#17 in arch linux
dvtate opened this issue · comments
Same issue with same file, Arch Linux, poppler 23.12.0-1, and pdftotext 2.2.2-4
I'm guessing the python bindings are broken somehow.
#17 - link
directly using poppler via pdftotext
works fine so I'll just do that for now
Can you attach the file here that you claim doesn't work?
I have nothing to do with arch linux, by the way.

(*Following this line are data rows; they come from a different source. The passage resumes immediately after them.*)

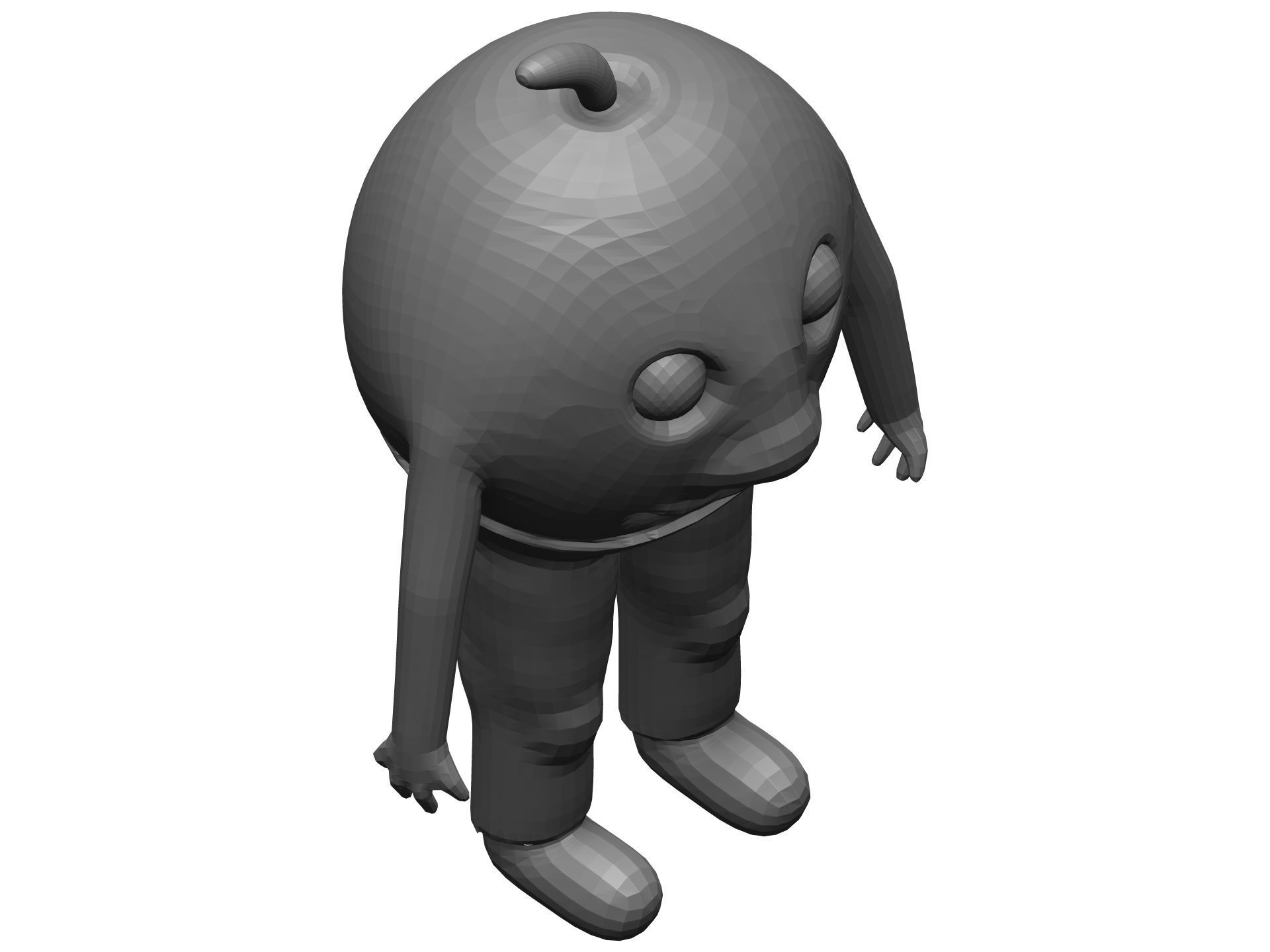 Cartoon Orange Low-poly 3D model_13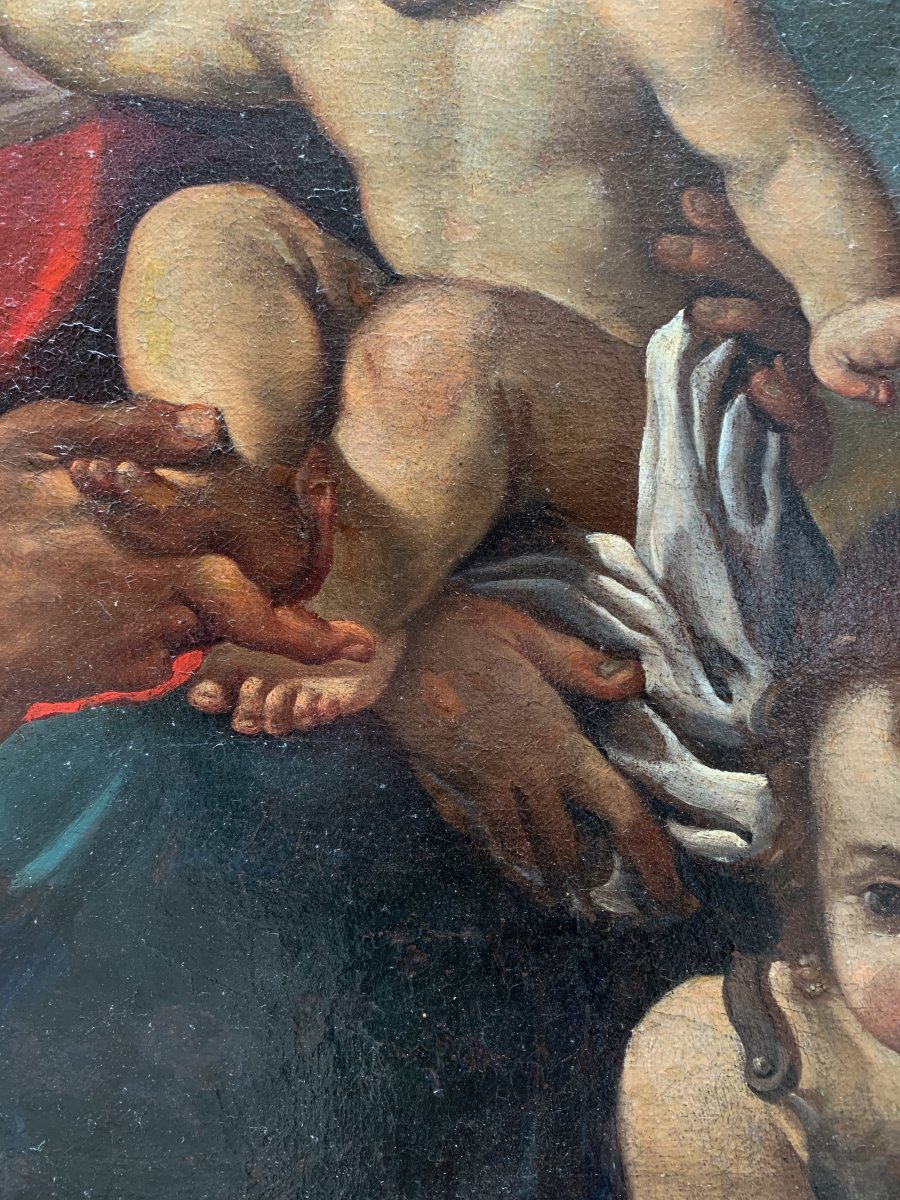 Sacra Famiglia con il piccolo San Giovannino. Scuola bolognese, XVII secolo-photo-4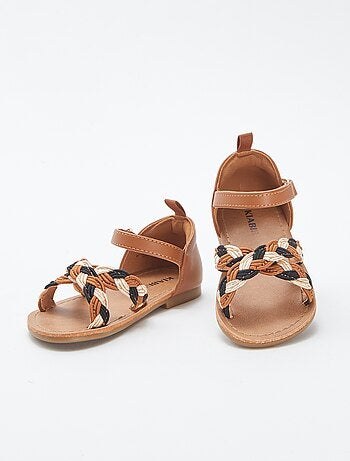 Sandales multi-brides tressées avec fermetures à scratchs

it's the same one from #17 -- https://arxiv.org/pdf/1004.5293.pdf
No worries, I'd reach out to the package maintainer but I'm not sure how to get their email address
it actually doesn't work with any pdf file for me
I don't use arch, so maybe I got something wrong here, but it seems to work:
$ docker run -it archlinux:base
[root@0366535679bd /]# pacman -Sy python-pdftotext
[output cut]
[root@0366535679bd /]# curl --silent --output test.pdf https://arxiv.org/pdf/1004.5293.pdf
[root@0366535679bd /]# python
Python 3.11.6 (main, Nov 14 2023, 09:36:21) [GCC 13.2.1 20230801] on linux
>>> import pdftotext
>>> f = open("test.pdf", "rb")
>>> pdf = pdftotext.PDF(f)
>>> len(pdf)
34
>>> pdf[0][:100]
'EPJ manuscript No.\n(will be inserted by the editor)\n\narXiv:1004.5293v2 [physics.ins-det] 7 Jun 2010\n'
>>>
Interesting, it seems to work fine with rb but not wb+. Regardless, I think I can make this work, thanks!
wb+
truncates the file, so of course that doesn't work
I started with file.write(contents)
which works with pypdf